Ce livre, préfacé par le colonel Luc Marchal, ex-commandant des casques bleus de l’ONU à Kigali en 1994, soulève des questions sensibles. Onana y explore les aspects moins connus du génocide rwandais et accuse Paul Kagame et son régime d’avoir orchestré une invasion déguisée du Congo-Zaïre dès 1994. Il affirme que cette stratégie visait à s’emparer des ressources minières de la région tout en manipulant la crise des réfugiés. Ses conclusions s’appuient sur des documents militaires et des archives issues de la CIA, de l’armée belge, du renseignement militaire français, ainsi que sur des sources onusiennes et américaines.
Le procès se tiendra les 7, 8, 10 et 11 octobre 2024, et le colonel Marchal, qui a directement vécu les événements de 1994, témoignera en faveur de Charles Onana. Ce soutien de poids, couplé aux recherches méticuleuses de l’auteur, renforce la crédibilité de son travail. Toutefois, les plaignants cherchent à interdire la diffusion de son ouvrage, l’accusant de minimiser le génocide tout en mettant en lumière des éléments perçus comme déstabilisants pour le régime rwandais.

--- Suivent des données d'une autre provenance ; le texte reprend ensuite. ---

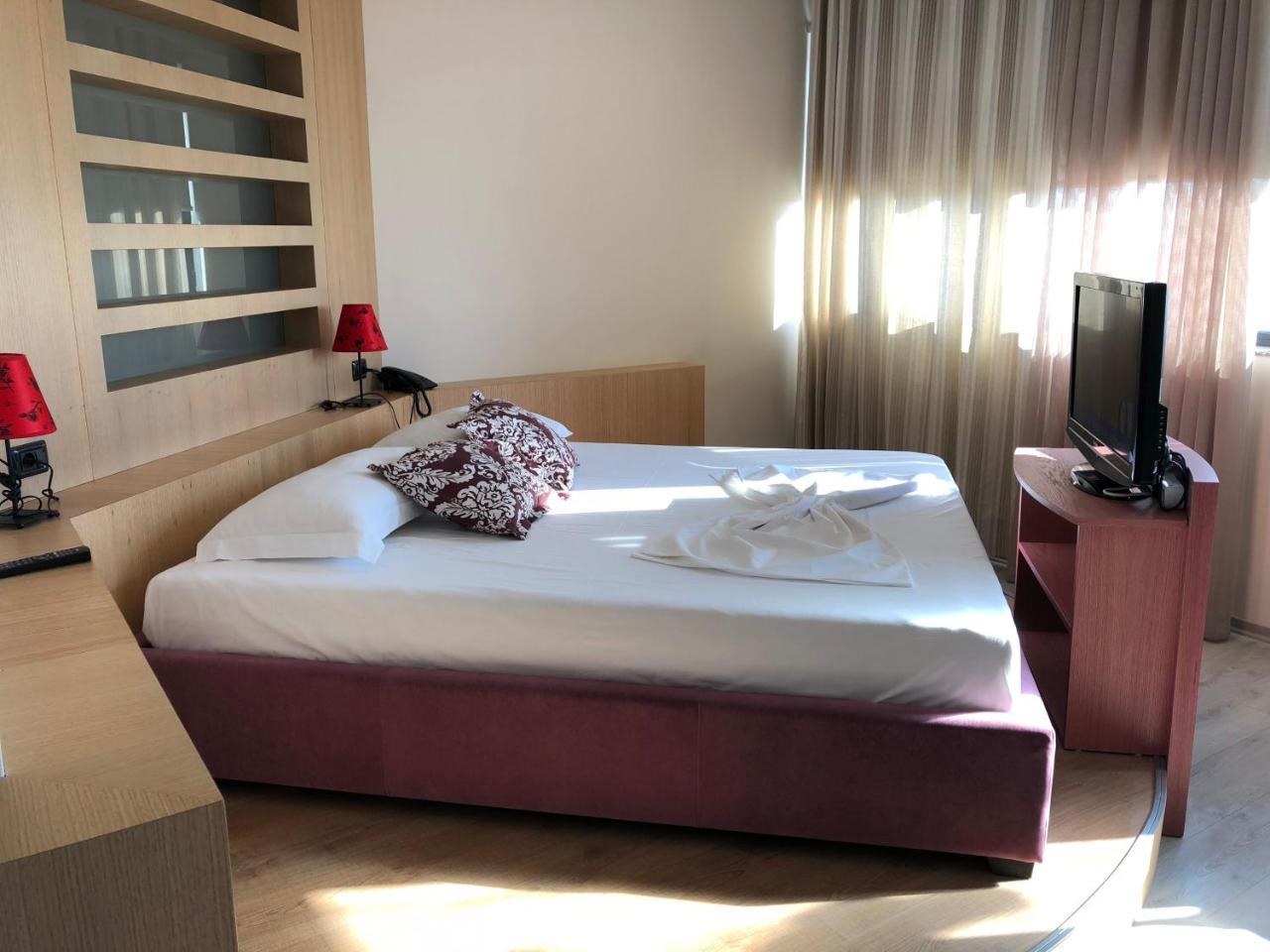 Icon Hotel Vlore Luaran gambar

Un combat judiciaire aux racines profondes
Cette affaire n’est pas une première pour Onana. En 2002, Paul Kagame et l’État rwandais avaient déjà intenté une action en justice contre lui, suite à la publication du livre Les secrets du génocide rwandais, co-écrit avec Déo Mushayidi, un rescapé du génocide et ancien membre du Front Patriotique Rwandais (FPR). Malgré des accusations similaires, cette plainte avait été retirée après que Onana eut produit des preuves solides, dont certaines ont été utilisées par la défense au Tribunal Pénal International pour le Rwanda (TPIR).

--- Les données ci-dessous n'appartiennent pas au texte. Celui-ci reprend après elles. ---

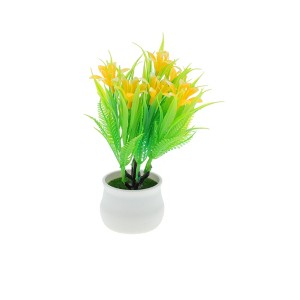 Unique Bargains Artificial Plants Style Narcissus Plastic 3.15"x3.15"x6.30" 1 Pcs - 1 of 4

Les recherches de Charles Onana lui ont valu une reconnaissance internationale, notamment de la part de la procureure Carla Del Ponte en 2005, qui l’a reçu à La Haye. Elle a partagé avec lui des informations compromettantes concernant l’attitude de Kagame envers les enquêtes menées contre l’Armée Patriotique Rwandaise (APR) en 1994, alors dirigée par Kagame lui-même. Ces informations renforcent l’idée d’une approche plus nuancée du rôle des différentes forces dans la tragédie rwandaise.
Un contexte de répression des voix dissidentes
Malgré les efforts pour projeter une image positive sur la scène internationale, le régime de Paul Kagame fait régulièrement face à des accusations de répression et de violence contre ses opposants, que ce soit au Rwanda ou à l’étranger. Un consortium de journalistes de 17 médias différents a révélé récemment, dans l’enquête Rwanda Classified, les méthodes utilisées par le pouvoir rwandais pour museler toute voix critique : intimidations, menaces et même tentatives d’assassinat.
Cette atmosphère de contrôle et de répression s’étend bien au-delà des frontières du Rwanda. On se demande alors si les associations de défense des droits de l’Homme qui attaquent Onana seraient prêtes à porter plainte contre le régime de Kagame pour son soutien au groupe rebelle M23 en République Démocratique du Congo, un soutien bien documenté par les experts de l’ONU. Ces mêmes associations, qui affirment défendre les droits de l’Homme, semblent jusqu’à présent éviter de s’attaquer directement à Kigali, malgré les preuves accablantes des crimes commis par le régime de Kagame dans la région des Grands Lacs.
Le procès à venir s’inscrit donc dans un contexte hautement politique, où la liberté d’expression, le rôle des chercheurs et la question du génocide rwandais se heurtent à la volonté du régime de Paul Kagame de maintenir sa version des faits. Le verdict de cette affaire aura sans doute des répercussions bien au-delà du tribunal de Paris, en influençant le débat sur la liberté d’enquête et la responsabilité des puissants dans les tragédies africaines.